Information shown =

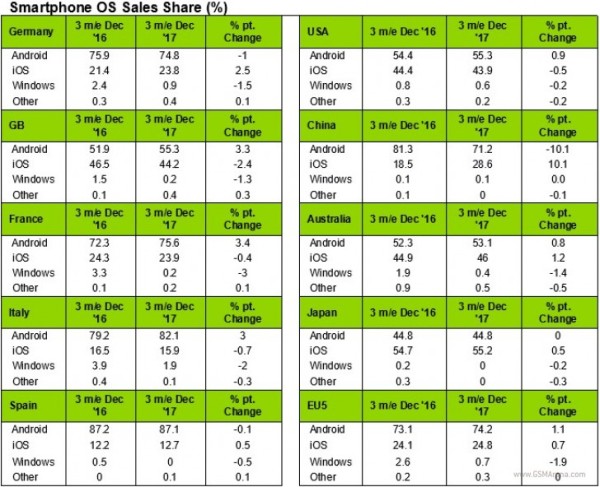 2017Q4 iPhoneй10.1% iPhone X󹦳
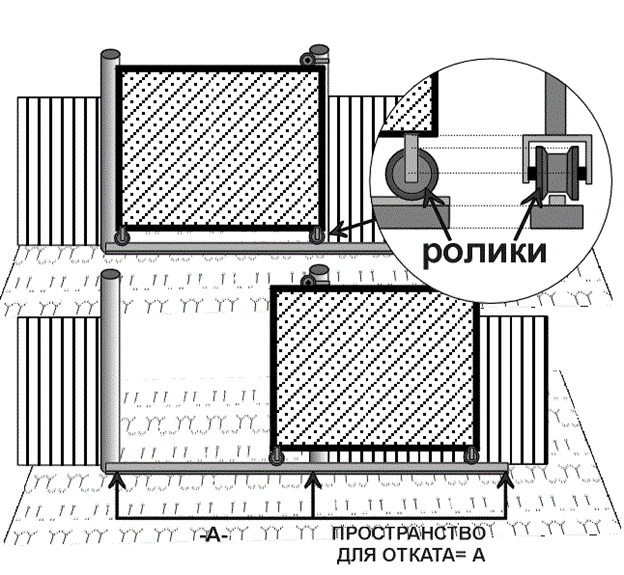 Раздвижная конструкция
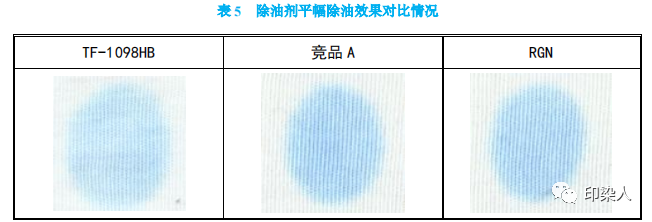 定型機,涂層機,地毯機,地毯背膠機,靜電植絨機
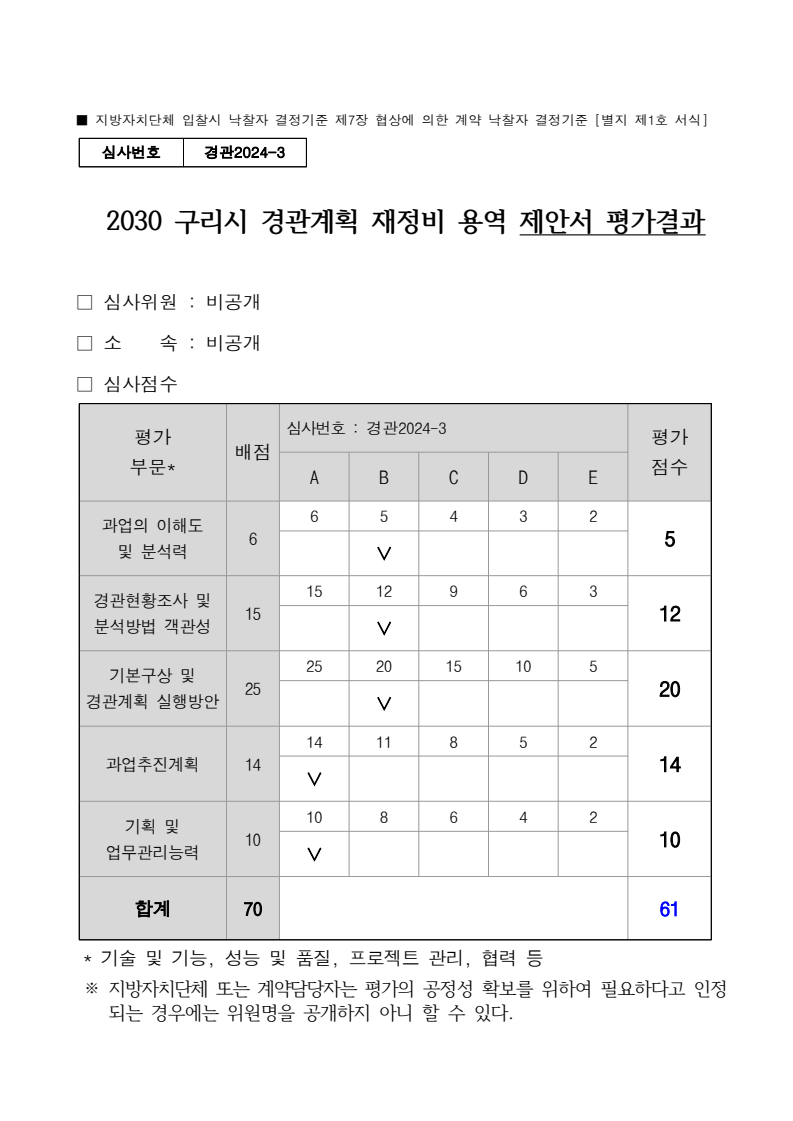 page17
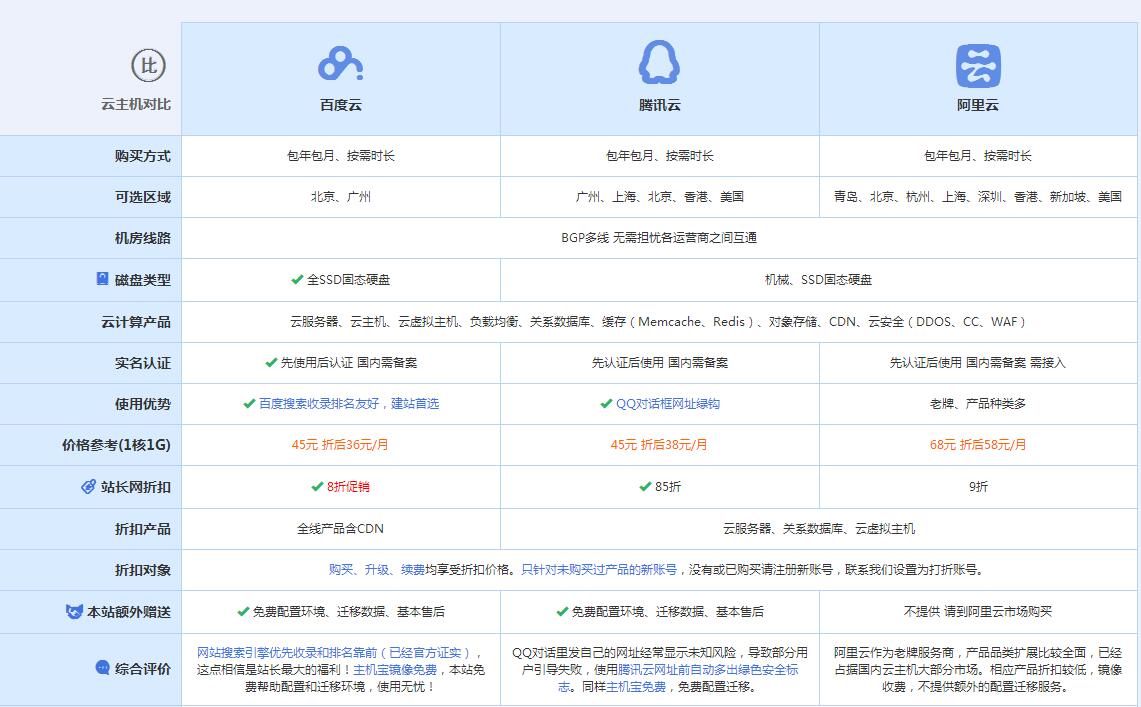 芝罘云主机代理对比.jpg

Work item = Begin at the line containing "Раздвижная конструкция" and transcribe exactly every line through the end of the records, both ends included, leaving the pictures out.

Output of the exercise =
 Раздвижная конструкция
 定型機,涂層機,地毯機,地毯背膠機,靜電植絨機
 page17
 芝罘云主机代理对比.jpg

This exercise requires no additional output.